Le blocage est politique et la question instrumentalisée. Déjà promesse de François Mitterrand en 1981, le droit de vote des étrangers a été remis à l’ordre du jour par François Hollande lors de l’élection présidentielle de 2012. Son abandon demeure une trahison pour beaucoup de gens qui ont voté pour lui. Le droit de vote des étrangers souffre aussi du racisme post-colonial : les opposants au droit de vote des étrangers s’inquiètent moins du droit de vote d’un Étasunien que de celui d’un Algérien. D’où un tri entre bons et mauvais immigrés : les étrangers les plus nombreux en France sont les Portugais et les Algériens. Les premiers peuvent voter, pas les seconds. Les historiens parlent, à propos des « indigènes » en Algérie aux XIXe et XXe siècles, de « nationalité sans la citoyenneté », puisqu’ils étaient français mais ne pouvaient voter aux mêmes élections que les français d’origine européenne. Aujourd’hui, certains de leurs descendants n’ont ni l’une ni l’autre.

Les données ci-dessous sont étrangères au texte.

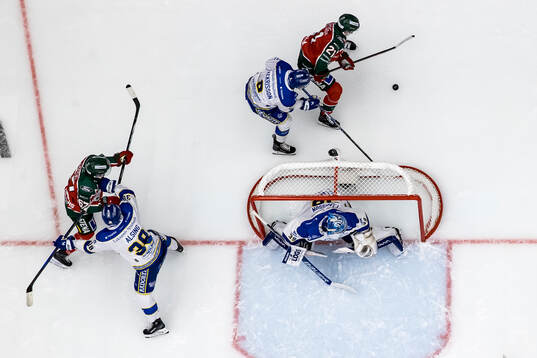 Frölundas Jayden Halbgewachs och Leksands Olle Alsing och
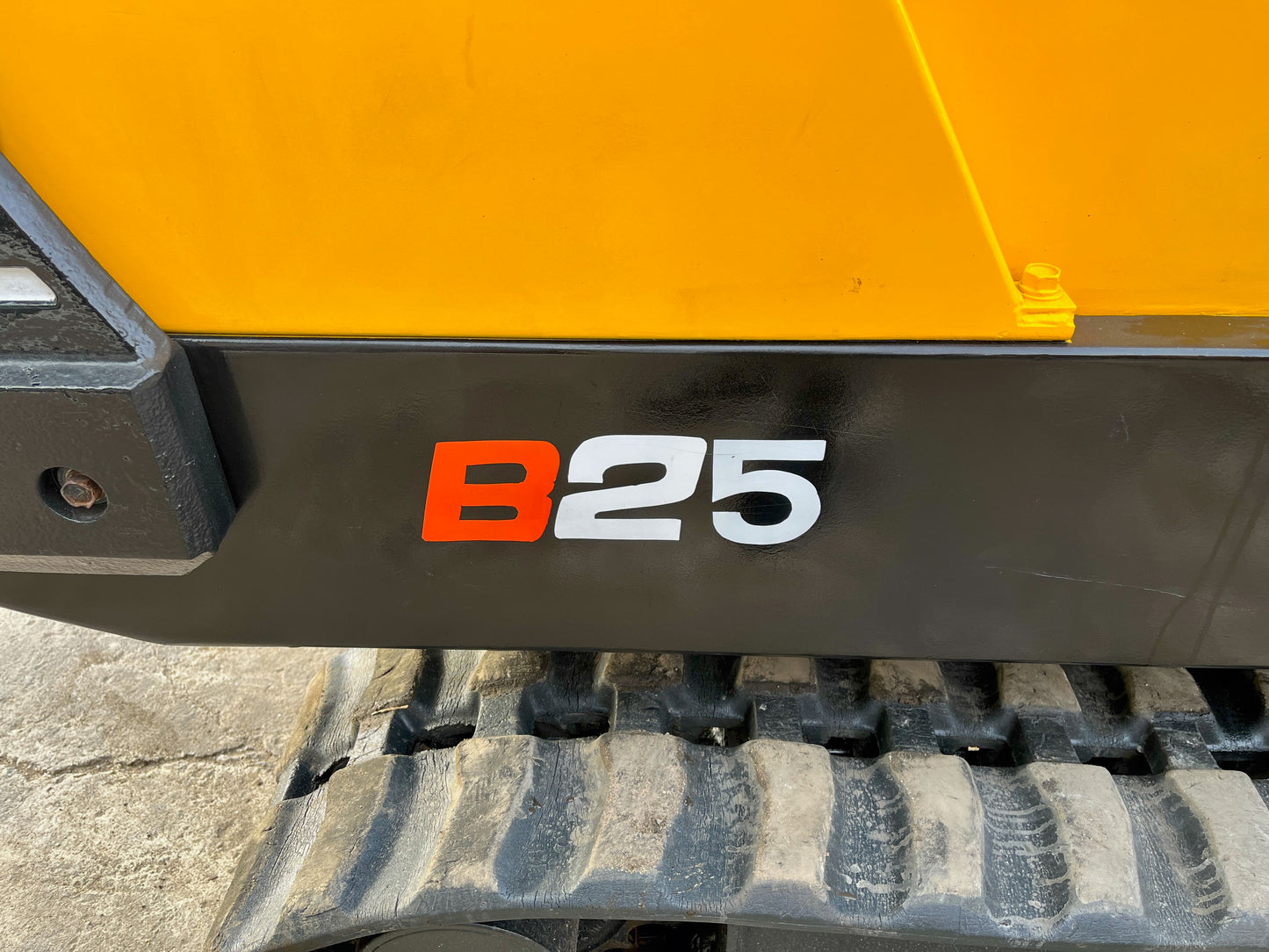 Yanmar B25-1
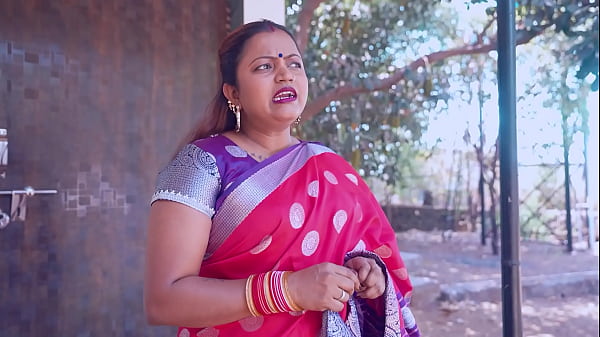 Nonton Desi Home Servant Used Her Malkin For His Sexual Satisfaction thumbnail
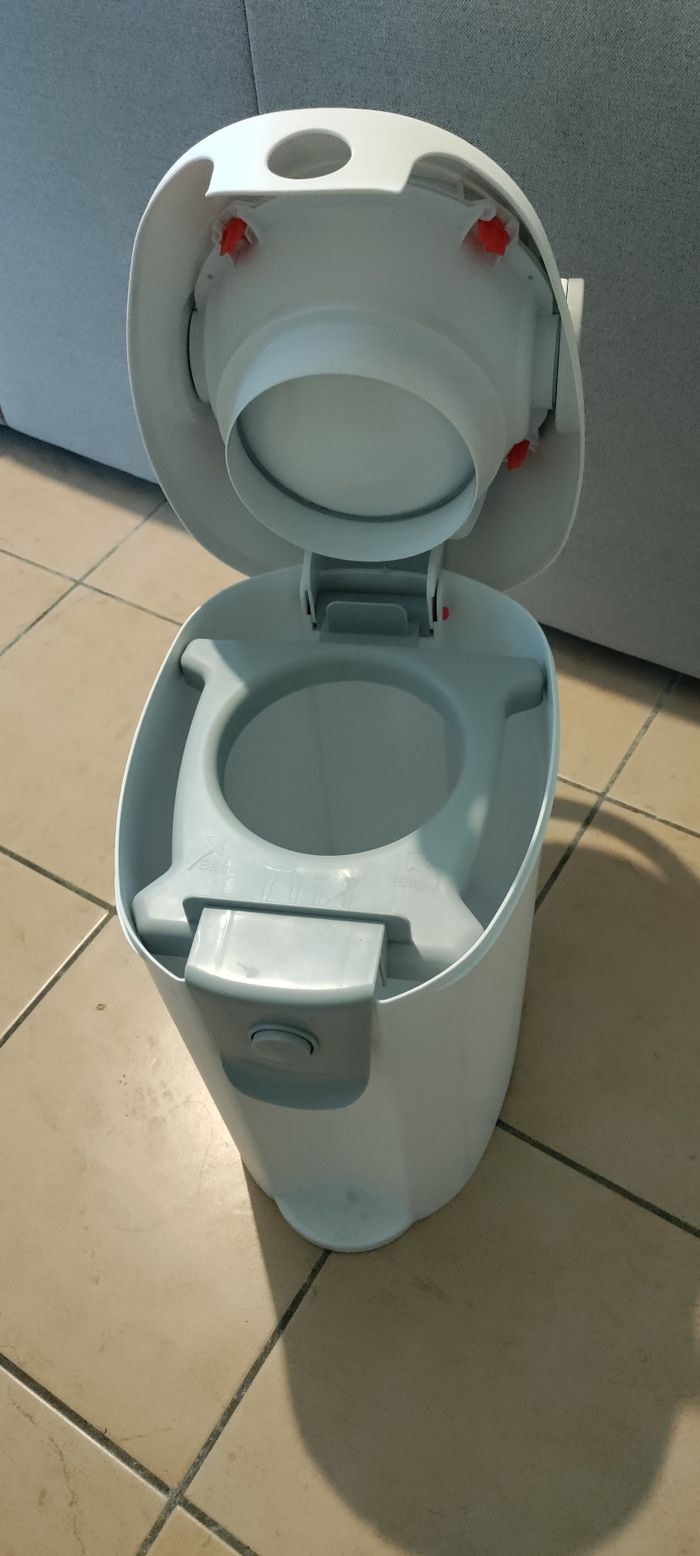 Poubelle à couches - photo numéro 3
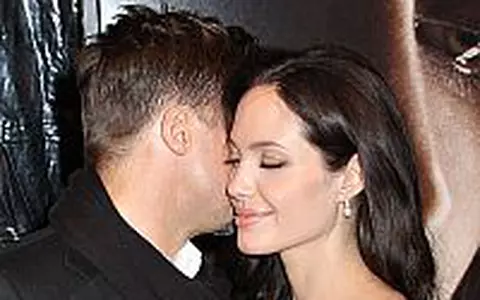 Angelina Jolie si-a facut un tatuaj dedicat gemenilor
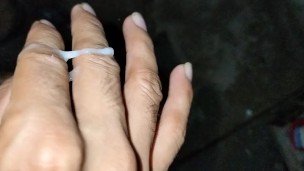 Una paja con eyaculación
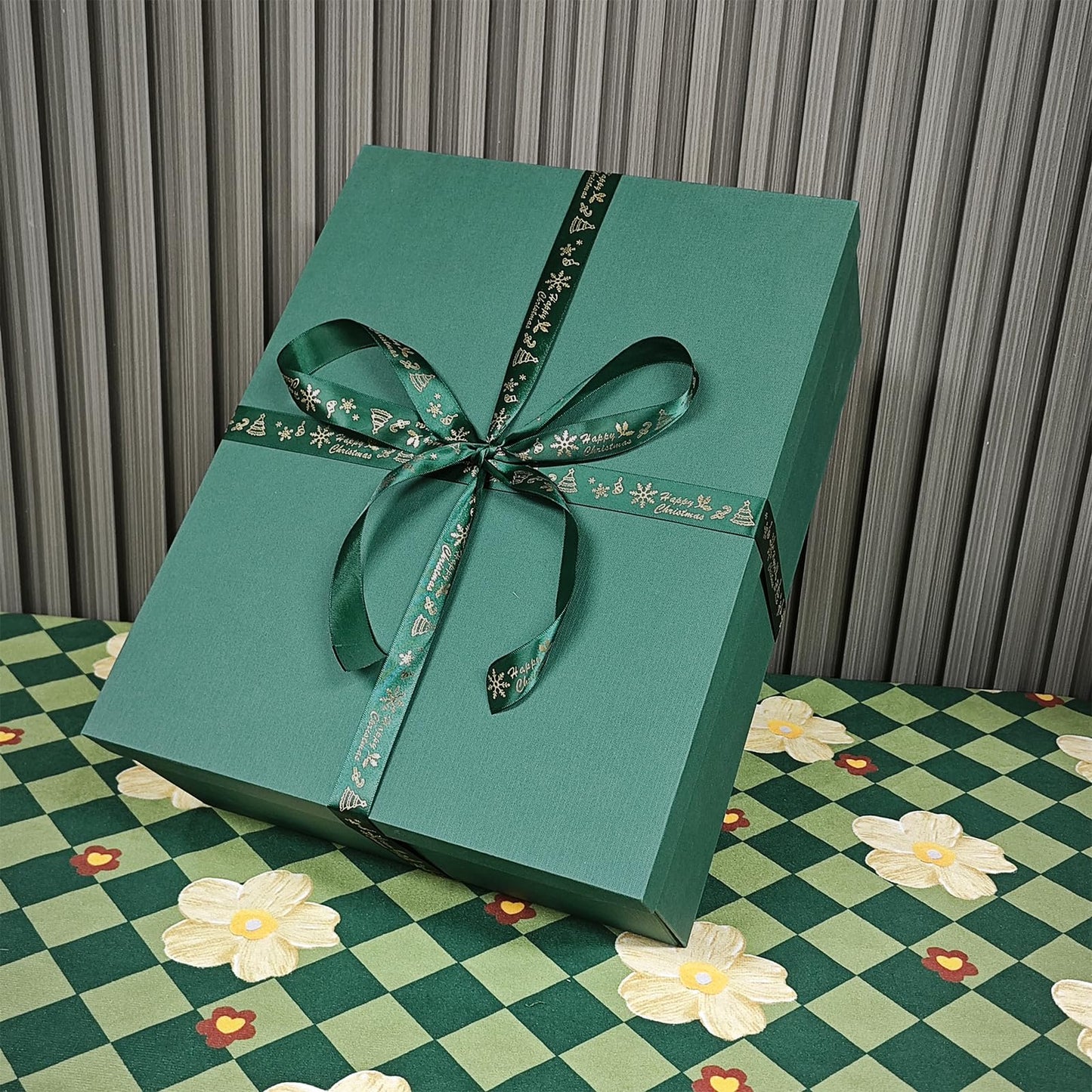 Large Gift Box with Lid 16.5x13x5.5 inches - Includes Card, Ribbons & Filler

Si le droit de vote est accordé, quelles en seraient les modalités ? « Il faudrait fixer une durée minimale de résidence en France, trois ou cinq ans par exemple. », propose Abdoul Aziz Sall. « Sinon, ça permettrait aux étudiants de voter alors qu’ils s’en vont l’année suivante, ça n’a pas de sens. » Ana Maria Sanchez Albarracin abonde : « Je ne sais pas si je resterai longtemps en France, pour l’instant je ne suis pas intéressée par pouvoir voter à ces élections. C’est important de savoir pourquoi on va voter, de connaître les raisons et les enjeux. » Paroles de bon sens.

Les candidat·e·s
Au moment où nous publions cet article, dix candidat·e·s se présentent aux élections municipales à Grenoble :
– Catherine Brun, déjà candidate en 2008 et 2014, à la tête de la liste d’extrême gauche menée par Lutte ouvrière ;
– Éric Piolle, le maire sortant, à la tête d’une liste de rassemblement à gauche ;
– Olivier Noblecourt, ancien « délégué interministériel à la lutte contre la pauvreté » auprès du gouvernement Philippe, à la tête d’une liste de centre-gauche ;
– Émilie Chalas, députée de la troisième circonscription de l’Isère, à la tête d’une liste de centre-droit ;
– Alain Carignon, maire de Grenoble de 1983 à 1995 (il a fini son second mandat en prison et a été condamné à quatre ans de prison ferme pour « corruption, abus de biens sociaux et subornation de témoins » en 1996), à la tête d’une liste de droite ;
– Mireille D’Ornano, conseillère municipale, à la tête d’une liste d’extrême droite Les Patriotes;
– Damien Berthélémy, à la tête d’une autre liste d’extrême droite Rassemblement national.
Le candidat indépendant Fabien Cominotti s’est aussi déclaré candidat.
La liste La Commune est à nous !, plutôt classée à l’extrême gauche, est en cours de formation et la tête de liste n’est pas encore désignée.
La liste « Popo », tendance libertaire, se lance également dans la campagne municipale avec pour tête de liste « Popo ».
Mise à jour : Sept listes ont été déposées pour le premier tour, qui s’est déroulé le 15 mars : « Grenoble en commun », menée par Éric Piolle, « Grenoble nouvel air » ; menée par Olivier Noblecourt ; « Un nouveau regard sur Grenoble », menée par Émilie Chalas ; « La société civile avec Alain Carignon », menée par Alain Carignon ; « La Commune est à nous ! », menée par Bruno de Lescure ; « Lutte ouvrière », menée par Catherine Brun et « Mieux vivre à Grenoble », menée par Mireille d’Ornano. Les résultats du premier tour sont disponibles ici.

Notes :
(1) « Le regard des Français sur le droit de vote des résidents étrangers aux élections locales », sondage Harris Interactive, octobre 2018. Enquête par téléphone sur un échantillon de 1010 personnes sélectionnées par la méthode de quotas.
(2) Pour préciser, à la question d’accorder le droit de vote aux étrangers aux élections locales, Emmanuel Macron a préféré écarter le sujet et a déclaré que « le sujet c’est plutôt comment pour toutes celles et ceux qui ont acquis la nationalité française, comment on s’assure qu’elle s’exprime à plein et qu’ils utilisent tous ces droits ».